As the saying goes, you wait for a bus and then three come along at once. Same too, it seems, with the changes in our legislative landscape likely to occur in 2017.

After a period of relative calm, the year signals great adjustments including a new Document Duty regime, the likely coming into force of the Access to Neighbouring Land Law, the likely tightening of tax upon share transfers involving property, the new Population Management regime and, whilst not a legislative change, the practical operation of the newly adopted Island Development Plan.

We at Ferbrache & Farrell thought it might be helpful to set out a brief summary of each of these key changes, and how they might affect us all. Please do not hesitate to contact us to discuss any of the aspects in more detail, since each topic could easily warrant an article in its own right.

Document Duty Regime

The 2016 Document Duty Ordinance will come into effect on 1 January 2017. Up until then, we are familiar with the three document duty bands, with most purchasers of Guernsey properties paying a flat 3% upon the value of realty.

Going forward, that taxation will change with document duty being paid on a sliding scale, not dissimilar to English income tax. So, on the first £250,000 of a property’s realty value, £5,000 will be paid in tax. On the next £149,999 of a property’s realty value, £4,875 will be paid in tax, and so on through a range of tax brackets with realty value above £1,000,0001 being levied at the rate of 4%. With a simple algorithm it is relatively straightforward to calculate the likely tax, and in some instances the new regime is more favourable than at present.

Where the complexity will really arise will be the treatment of properties that are being exchanged, since in this instance the method of calculation requires a number of factors to be taken into consideration.

Access to Neighbouring Land

Guernsey property law is a treasure in the Island’s Customary Law crown. It is a fine example of how custom and practice, that has roots centuries old, is still highly effective and adaptable today. That said, from time to time, legislative clarity and support is needed, particularly in times of regulatory burdens (particularly upon lenders). Access is one such instance.

The historic starting position is that unless a right was specifically set out in title, then it did not exist (with limited exceptions). As our society assumes the principle of “bon voisinage” or good neighbourliness, then the absence of a right to (say) access a neighbour’s property for repair was not generally a problem. However, that reliance on a neighbour’s good faith has created an uncertainty, which in a lender’s eyes creates an unwanted commercial risk.

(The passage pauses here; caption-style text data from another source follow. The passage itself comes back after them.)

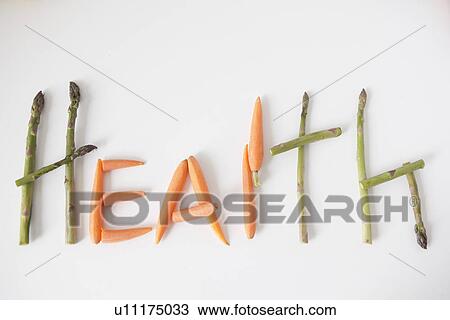 Stock Image - Word 'health' made out of vegetables, studio shot. Fotosearch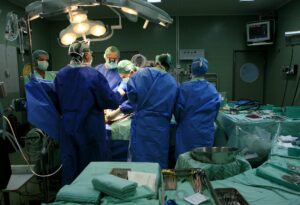 An Israeli medical staff of surgeons and nurses conduct open heart surgery in an Israeli hospital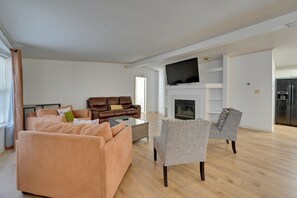 A spacious living room with a fireplace, a television, and a kitchen area. - Game Room + Easy ECU Access: Greenville Getaway (Greenville)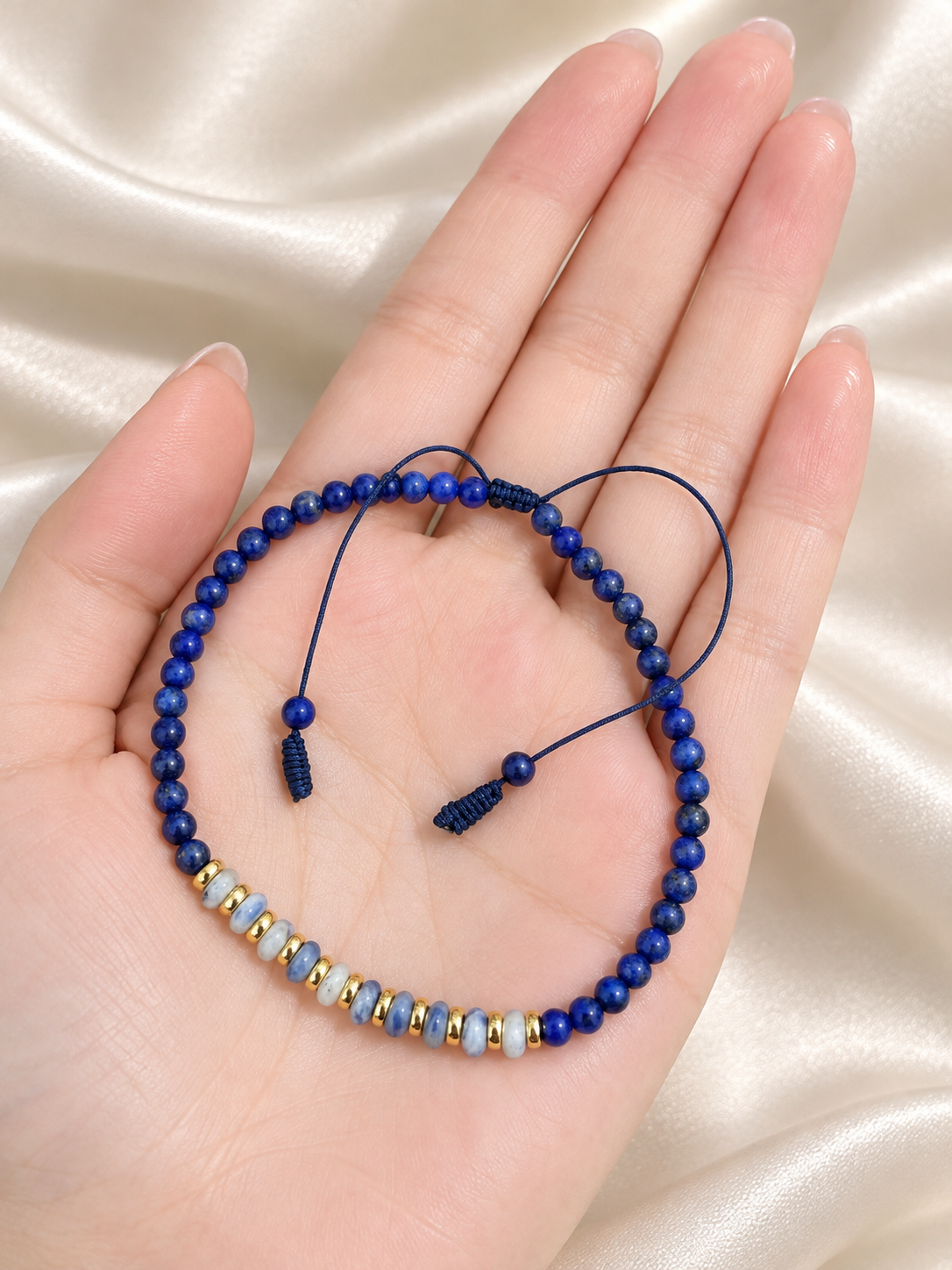 Handmade Bracelet for HIM OR HER. Made with 3mm lapis lazuli, 14K Gold Plated Spacer Beads, 2x3mm Blue and white Sodalite. Adjustable knotted Cord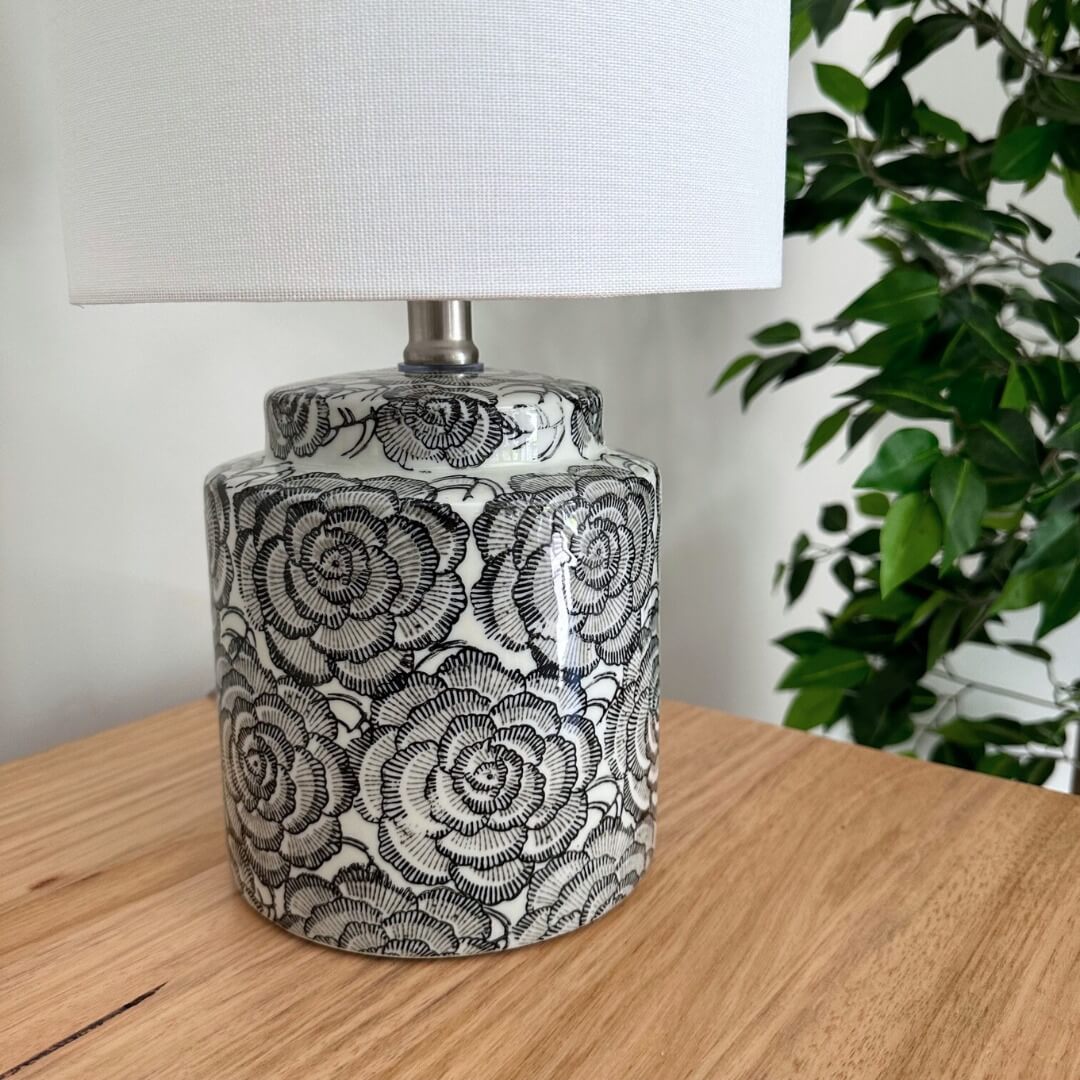 The beautiful Camelia Table Lamp has a black and white ceramic base with a floral design and white fabric shade,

After many years of deliberation, and research into the treatment of the issue by other jurisdictions, a legislative solution is about to become a reality. At its simplest, should a neighbour not co-operate with a reasonable access request, the aggrieved party may make an application to the Magistrates’ Court for a Court Order permitting access with conditions. That ultimate recourse can be considered as a deterrent to non-neighbourly (or non-reasonable) conduct.

The new law is also clear upon the treatment of existing services which may not have any rights in title (or else unsatisfactory rights in title) and in which case a solution is offered up.

It is hoped that the new law will ease the conveyancing process, and will introduce a level of comfort to all interested parties when the quality of historic legal title may have had gaps, or perhaps been unclear.

Acquiring the Share Capital of Property Holding Companies

At the moment, document duty does not need to be paid if someone acquires the share capital of a Guernsey registered company which holds, for example, land and buildings as an asset. Also, the transaction itself is not a public affair, since it does not need to be concluded before Jurats (as a conveyance would be). The whole process is very private.

In consequence, the quantity and value of such transactions is difficult to analyse with any real level of accuracy. It is safe to say, however, that the type of property involved is generally high in value, and therefore the cumulative lost revenue to the Island is also high from document duty not being paid.

This has been identified at a political Budget level some years ago, and a closing of the ‘loophole’ has been inevitable. It is very likely that in 2017 formal anti-avoidance measures will be put in place. The practical consequences of such changes will mean that any benefit in acquiring a property holding company will be diminished, and an equivalent level of document duty is likely to need to be paid as if the transaction had proceeded by way of traditional conveyance.

That being said, for some there will always remain a certain attractiveness of owning property through a corporate structure. Regardless of the tax position, the usual searches and due diligence will still need to be carried out upon a company (and the property title) before acquisition to ensure all is in good order.

It will be interesting to see the extent of any increase in document duty receipts that can be attributed to the previously ‘hidden’ transactions, and indeed how such additional monies will be used.

Population Management Regime

Arguably one of the biggest changes of all in 2017 will arise in the guise of population management. It is understood that the new law will come into force in April.

Historically, population has been controlled through the medium of housing stock, and which had its legislative roots in post WW2 Guernsey, and latterly in 1994. Since then, society, and particularly human rights considerations have changed considerably and which has warranted an overhaul of the system.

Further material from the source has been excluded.